İsrail ordusu dün öğleden sonra, hava kuvvetlerinin son 24 saat içinde Gazze Şeridi'nde 90 hedefi vurduğunu ve Gazze şehrinde kara operasyonlarını genişlettiğini açıkladı.

İsrail güçleri, özellikle Gazze ve Han Yunus şehirlerinin yanı sıra Gazze Şeridi'nin kuzeyindeki Cibaliye el-Beled bölgesinde bombalama ve kara operasyonlarını genişletiyor. Bu bölgede ilk kez bu kadar kapsamlı bir kara operasyonu gerçekleştiriyorlar. Daha önce, şehrin bitişiğindeki Cibaliye mülteci kampında en az üç kez operasyon düzenlemişlerdi.

FGTHYU
Filistinliler Nuseyrat mülteci kampındaki bir dağıtım noktasında yiyecek bulmakta zorlanıyor (AFP)

İsrail, mevcut operasyonların amacının “Hamas”a askeri baskı uygulamak olduğunu söylerken, Gazze'deki siviller bu saldırıların bedelini ödüyor. Bu operasyonlar sonucunda hayatını kaybeden çocukların ve kadınların görüntüleri ortaya çıkarken, “Hamas” İsrail'i halkına karşı kasıtlı katliamlar yapmakla suçluyor.
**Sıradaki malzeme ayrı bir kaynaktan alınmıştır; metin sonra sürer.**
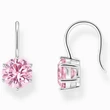 Kép 1/2 - Thomas Sabo ezüst fülbevaló rózsaszín cirkóniával - H2287-051-9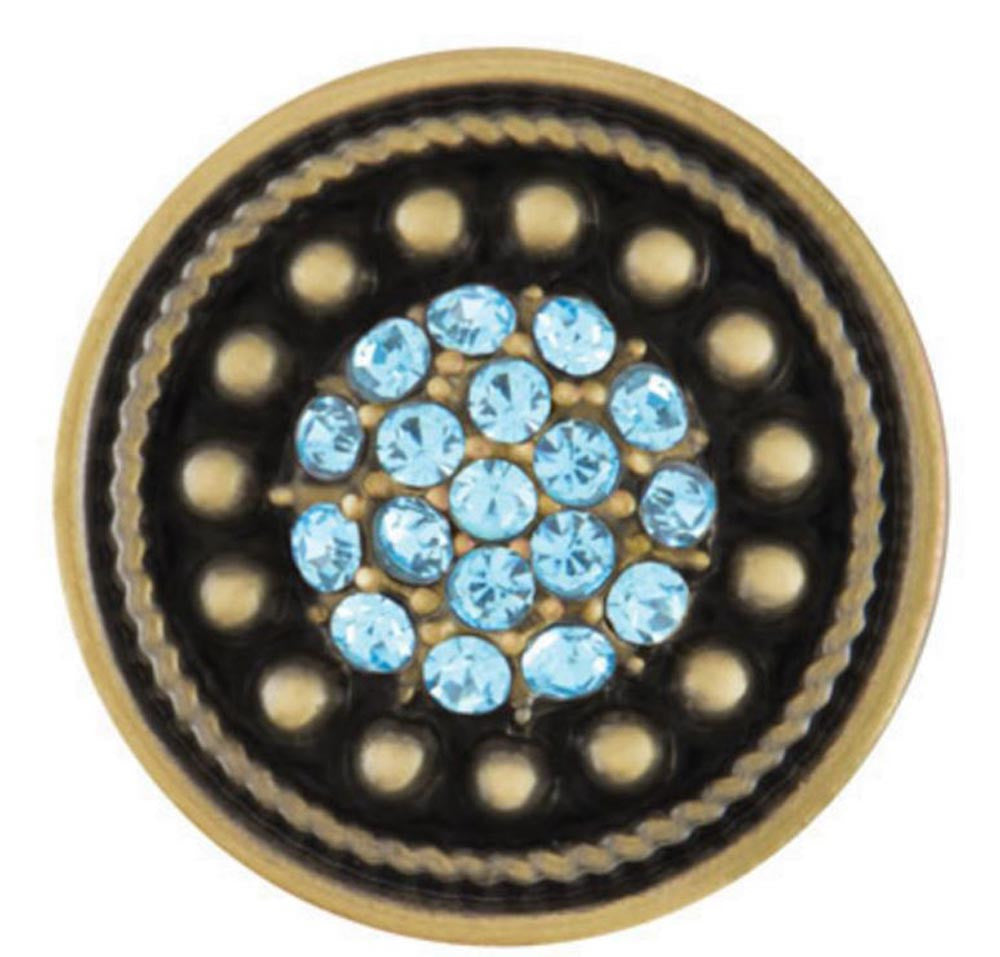 Ginger Snaps Sunburst - Antique Brass Aqua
İsrailli subaylar, Yedioth Ahronoth gazetesine, özellikle Doha'da devam eden müzakerelerin başarısızlıkla sonuçlanması durumunda, operasyonlarını genişletmek için siyasi kadrodan onay beklediklerini söyledi. Gazze Şehri'nin orta ve batı kesimlerinde, çoğunluğu şehrin doğu kesiminden ve Gazze Şeridi'nin kuzey kesiminden yerlerinden edilmiş yaklaşık 800 bin Filistinlinin yaşadığı bölgelerde operasyon planları olduğunu belirttiler.

Subaylar ayrıca, İsrail'in henüz kısmen girdiği Gazze'nin merkezindeki Nuseyrat ve Deyr el-Belah bölgelerindeki kamplara düzenleme planları olduğunu da ifade etti.